◆ **About this task**
Copy each entry precisely as written, and do not carry over the pictures.

------

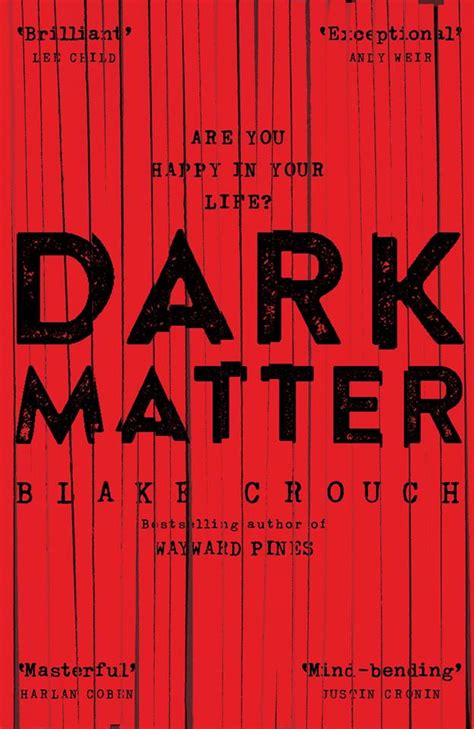 Dark Matter, Sony Pictures continúa muy dark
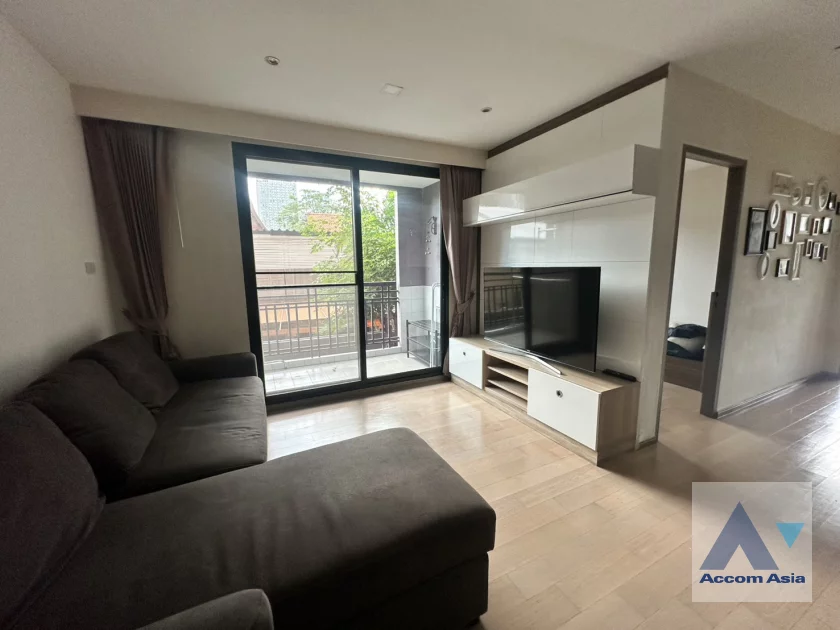 Condominium For Rent in Sukhumvit, Bangkok Code AA46875
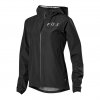 Fox Ranger Women's 2.5L Water Jacket Size Extra Small in Black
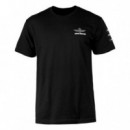 Camiseta Powell Peralta BONES Brigade Bomber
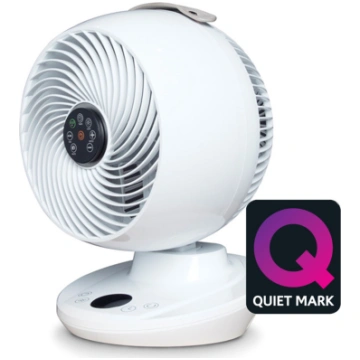 Ventilators MeacoFan 650 Meaco (Lielbritānija)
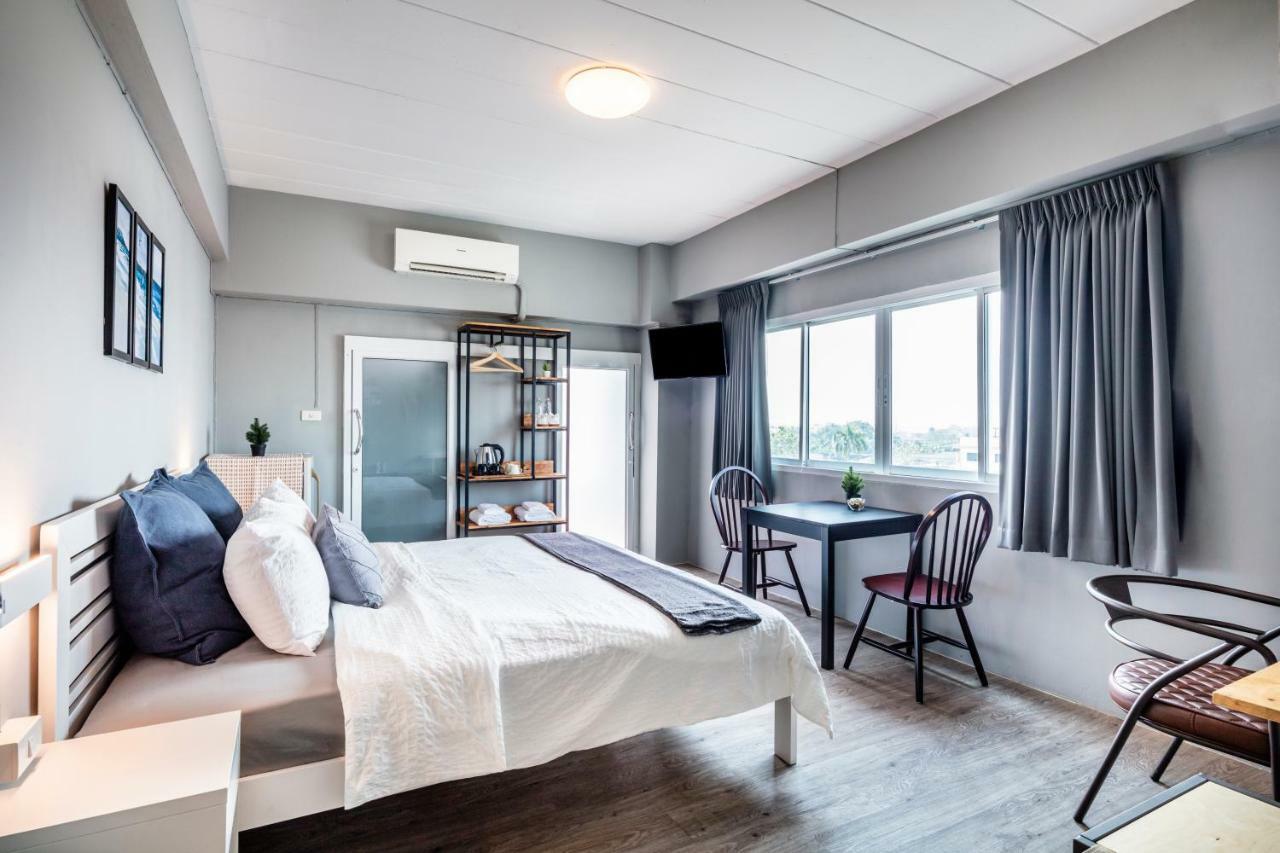 Hotel Penyos Service Bangkok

------

◆ **Result of this exercise**
 Dark Matter, Sony Pictures continúa muy dark
 Condominium For Rent in Sukhumvit, Bangkok Code AA46875
 Fox Ranger Women's 2.5L Water Jacket Size Extra Small in Black
 Camiseta Powell Peralta BONES Brigade Bomber
 Ventilators MeacoFan 650 Meaco (Lielbritānija)
 Hotel Penyos Service Bangkok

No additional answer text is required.